On Mon, Jun 15, 2015 at 10:19 AM, Mark Davis ☕️  wrote: 

> More seriously, it is not all so black and white. 

This applies to apostrophe recommendations too. The thread about the English 
apostrophe was biased because it (I) ended up discussing Unicodeʼs general 
apostrophe recommendation, while the scope of the thread was originally limited 
to one language. And before all, the discussion was somewhat biased by not 
taking into consideration the following TUS statement (§ 6.2 Punctuation 
Apostrophe):

| The semantics of U+2019 are therefore context dependent. For example, if 
surrounded by
| letters or digits on both sides, it behaves as an in-text punctuation 
character and does not
| separate words or lines.

I may fail, of course, but actually Iʼm thinking that U+02BC is not needed to 
prevent word separation.  As U+02BC is missing in most fonts and on all native 
Latin Windows keyboards, it cannot be used, even as a letter, before we have 
resolved some problems.  
Please see the advice of User:Gholton in the very last paragraph of 
https://en.wikipedia.org/wiki/Talk:Gwich%27in_people

Moreover, if it exists in a given font, U+02BC looks mostly like U+2019, 
slanted if this is slanted (as in Tahoma, Segoe UI, Open Sans, Sakkal Majalla), 
and thus does not match some expectations as stated on a web page I already 
cited: 
http://www.languagegeek.com/typography/apostrophes.html

The only fonts I found where U+02BC is a bit smaller than U+2019, are Linux 
Biolinum G, Gentium Basic, Gentium Book Basic. If this difference of size 
matches the preferences of English native readers, U+02BC could be preferred in 
English typography.

Another bias of the Apostrophe tread was that it focussed on disambiguation for 
text processing only, whereas disambiguation is more generally a human readersʼ 
issue, which needs to be resolved on a glyphic level. And which comes from far, 
very far into the past. See again 
http://www.languagegeek.com/typography/apostrophes.html#Anchor-Potentia-61409 — 
the last section, where Potential Problems are resolved.

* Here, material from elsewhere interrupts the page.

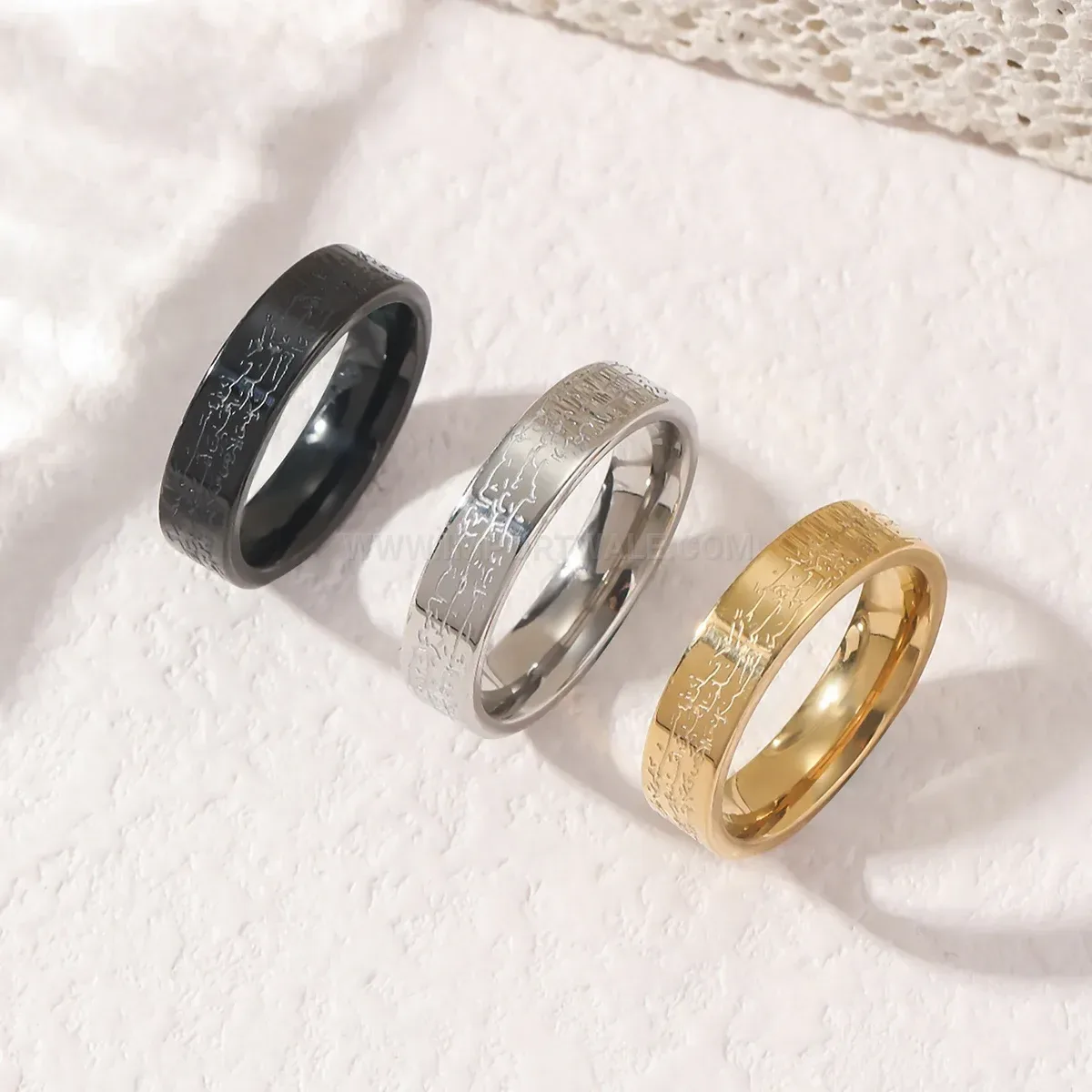 Trendy Stainless Steel Ayatul Kursi Arabic Calligraphy Script Ring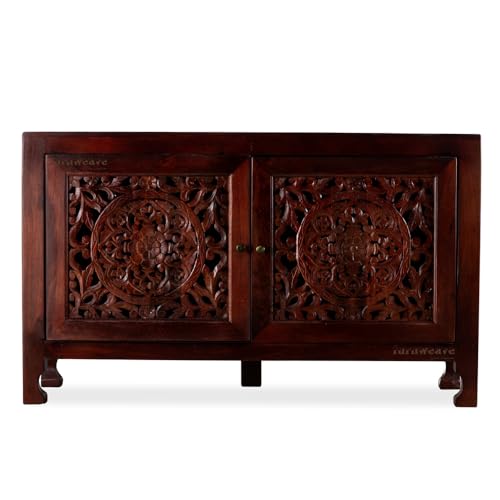 Image of Yepa Wooden Sideboard Cabinet for Living Room | Handcrafted Solid Wood Storage Cabinet with Carved Doors | Crockery Cabinet for Home | Crockery Furniture for Home (Mahogany)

Along with adding some missing information in the Standard about disambiguating 
quotation quotes and scare quotes, weʼll end up with language-specific 
recommendations for the apostrophe like for the quotation marks. About the 
mixup between scare quotes and quotation quotes, there was my last sentence 
yesterday that contained a lot of quotes looking like scare quotes but that 
marked quotations. Letʼs take this handy example:

> I hope that some macro could enable "webmasters" to rapidly update websites, 
> because resolving this "funny" "scenario" has cost me some "effort" today!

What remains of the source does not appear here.